High-resolution and spin-resolved ARPES measurements were performed at 03U and “Dreamline” beam lines of Shanghai Synchrotron Radiation Facility (SSRF), respectively. The 03U endstation is equipped with a Scienta Omicron DA30 electron analyzer. All ARPES data were taken at 15 K in an ultrahigh vacuum better than 8.0 × 10⁻¹¹ Torr. The angular and the energy resolutions were set to 0.2^∘ and 6 ~ 20 meV (dependent on the selected probing photon energy), respectively. The spin-resolved ARPES at “Dreamline” is equipped with a Scienta Omicron DA30-L electron analyzer together with a spin detector based on the very-low-energy-electron-diffraction (VLEED).

Band calculations

First-principles calculations were performed within the framework of the projector augmented wave (PAW) method and selected the generalized gradient approximation (GGA) with Perdew-Burke-Ernzerhof (PBE) type, as encoded in the Vienna Ab initio Simulation Package (VASP).

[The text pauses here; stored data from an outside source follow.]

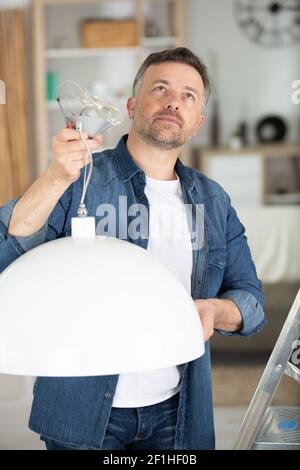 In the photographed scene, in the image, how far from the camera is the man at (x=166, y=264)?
110cm

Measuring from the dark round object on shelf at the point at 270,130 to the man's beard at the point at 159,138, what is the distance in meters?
3.13

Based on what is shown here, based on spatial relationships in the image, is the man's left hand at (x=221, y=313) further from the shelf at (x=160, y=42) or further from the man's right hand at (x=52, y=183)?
the shelf at (x=160, y=42)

A kinetic energy cutoff of 500 eV, a Γ-centred k mesh of 12 × 12 × 6, and an energy difference criterion 10⁻⁶ eV were utilized for all calculations. The spin-orbit coupling (SOC) was considered in a self-consistent manner. The WANNIER90 package was adopted to construct Wannier functions from the first-principles results. Topological properties calculations were carried out with our in-house code TMC.

STM/S experiments

The STM/S measurements were carried out in a scanning tunneling microscope (USM-1300, Unisoku Co., Ltd.) with the lowest temperature of 0.4 K. The samples were cleaved in an ultra-high vacuum with a base pressure about 1 × 10⁻¹⁰ Torr. Pt/Ir tips were used after treatment on the Au(111) surface. The dI/dV spectra are collected using a standard lock-in technique with modulation frequency f = 731 Hz and typical modulation amplitude of 20-50 μV. The vortex images are measured by zero bias conductance mapping.